Archangel's Blade

“Bastard.” It was the first thing she’d said since he’d trapped her in the corner. “You goddamn bastard.” A savage blow to his jaw that had his teeth snapping together.

Blocking her next blow, he looked into her eyes . . . and saw Honor looking back at him again. The brilliant green was washed in a sheen of wet, and her next blow when it came lacked the power of the others. She thumped both fists on his chest over and over and over again. “I hate you! I hate you! I hate you!” It was a furious litany that turned into sobs so harsh they spoke of unimaginable anguish, her body crumpling over his own. “I hate you.” A whisper.

Right then, he hated himself.

Lying motionless until she stopped moving, those painfully raw sobs turning into heartbreakingly silent tears against his chest, he dared put a hand on her hair, stroking her now tangled curls. He didn’t know what to say to her, how to explain the rage she’d incited within him.

But there was one thing he could say, something he hadn’t said to a woman in near to a thousand years. “I’m sorry, Honor. Forgive me.”




Sitting perched up on the sink in the large bathroom off her bedroom, Honor watched in silence as Dmitri ran the disinfectant over her scraped and bruised knuckles. She bit back a hiss at the sting, her eyes lingering on the cut on his lip, the bruises on his face. Part of her, horrified by her own violence, wanted to cup that sinful masculine face in her hands, kiss each and every bruise in gentle apology. But the rest of her was curled up into a tiny ball deep within, watchful, wary.

The light glinted off the black of his hair as he ministered to her and she remembered the heavy silk of it against her palms. She remembered, too, the force of his grip as he’d pinned her arms above her head.

“I bruised you.” He slid his hands under her wrists, his skin darker against the paler hue of her own—now marked by bands of dull red.

Fairness made her break her silence. “I did worse.” She’d hit him hard enough that the bruises were going to take at least an hour to heal, in spite of his vampirism. More, the cut on his lip wasn’t a shallow gash. His shirt, ripped at the shoulder seam, betrayed faint red marks that were almost healed, but on the whole—“I came out of it better than you.”

Dark, dark eyes met her own. “The physical hurt isn’t the core of it, is it?”

Her stomach grew tight, acid burning her throat. “All of it,” she said in a voice turned rough from the force of her earlier sobs, “everything we’ve done to this point . . . I think it’s gone.” Lost under the shock and terror that had reduced her to a clawing animal, a biting, hitting, trapped creature who had once more been made a helpless victim.

Dmitri had made a mockery of her hard-won strength, crushed her faith in her own judgment, but most of all, he’d taken the pride she’d rebuilt scrap by scrap, and she wasn’t sure she could forgive him for that.

Not saying a word, he threw away the cotton swab after taking care of all the scrapes and made sure not to crowd her as she left the bathroom. Chilled deep within by a sense of loss that made her feel hollow, as if her entire existence had been wiped away, she stumbled into the living room and to the window that looked out over a city lashed by rain.

The lights were muted, hazy through the water, until it felt as if she was all alone in the world, trapped in a glass cage. It was a feeling with which she was intimately familiar. The friends she’d made, the relationships she’d forged, it had made the loneliness bearable, but it had always been there, inside of her, this strange “missing.” It was Dmitri who’d filled that hole, and Dmitri who’d made it even bigger.

A whisper of the darkest of scents and she knew he’d walked into the living room on silent feet. But he didn’t come to her, and a minute later she heard him in the kitchen area. Looking across the open-plan space divided only by the smooth curve of the counter, she saw him put together a plate and bring it to the table after clearing away her camera.
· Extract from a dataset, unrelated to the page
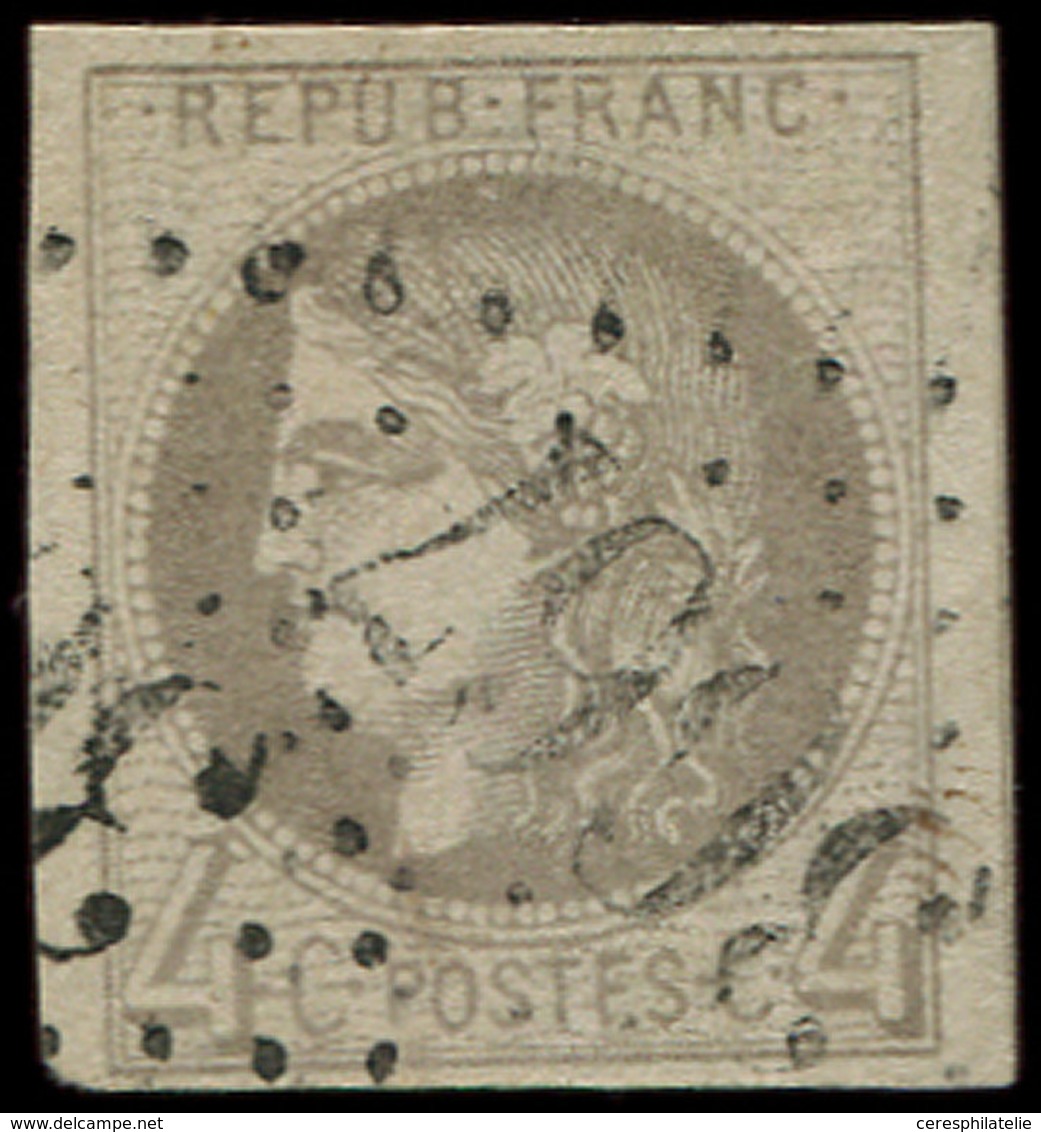 EMISSION DE BORDEAUX - 41B   4c. Gris, R II, Grandes Marges, Obl. GC 3667, TTB/Superbe - 1870 Emissione Di Bordeaux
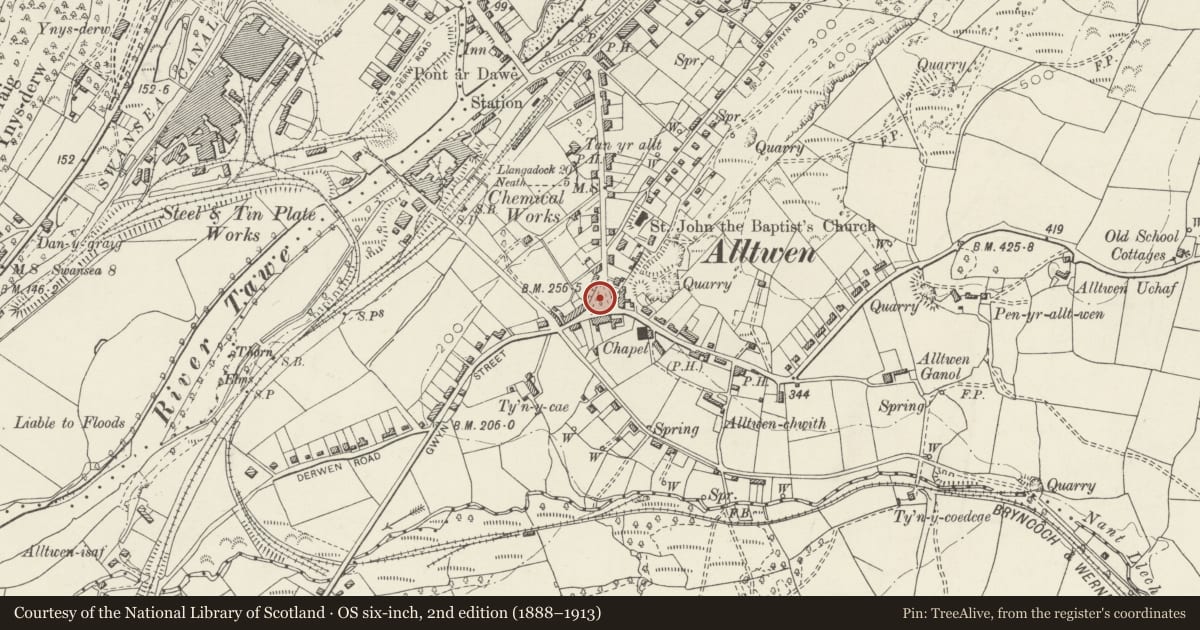 Ordnance Survey six-inch map, 2nd edition (1888–1913) covering the location of Memorial drinking fountain and railings, Cilybebyll, Neath Port Talbot, with a pin at the register's coordinates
Walking around the table toward her, he kept a distance between them. It made the ice in her chest impossibly colder . . . and then she knew it was her heart that was frozen. “Eat, Honor,” he said. “You haven’t for hours.” There was something in his voice she couldn’t read, an element she’d never before heard from him.

Angling her body so she could look him full in the face, she saw only the walls of an almost-immortal who had lived longer than she could imagine. “You should go.” She couldn’t stand it, having him here with this impassable gulf between them. It was undoubtedly idiotic to feel this lost by the end of a relationship that hadn’t ever really begun, but it felt as if he’d reached inside her and crushed her soul, then ground it under his boot.

A bleak shadow in those eyes of so deep a brown they were almost black, and with such age in them. “You send me away.”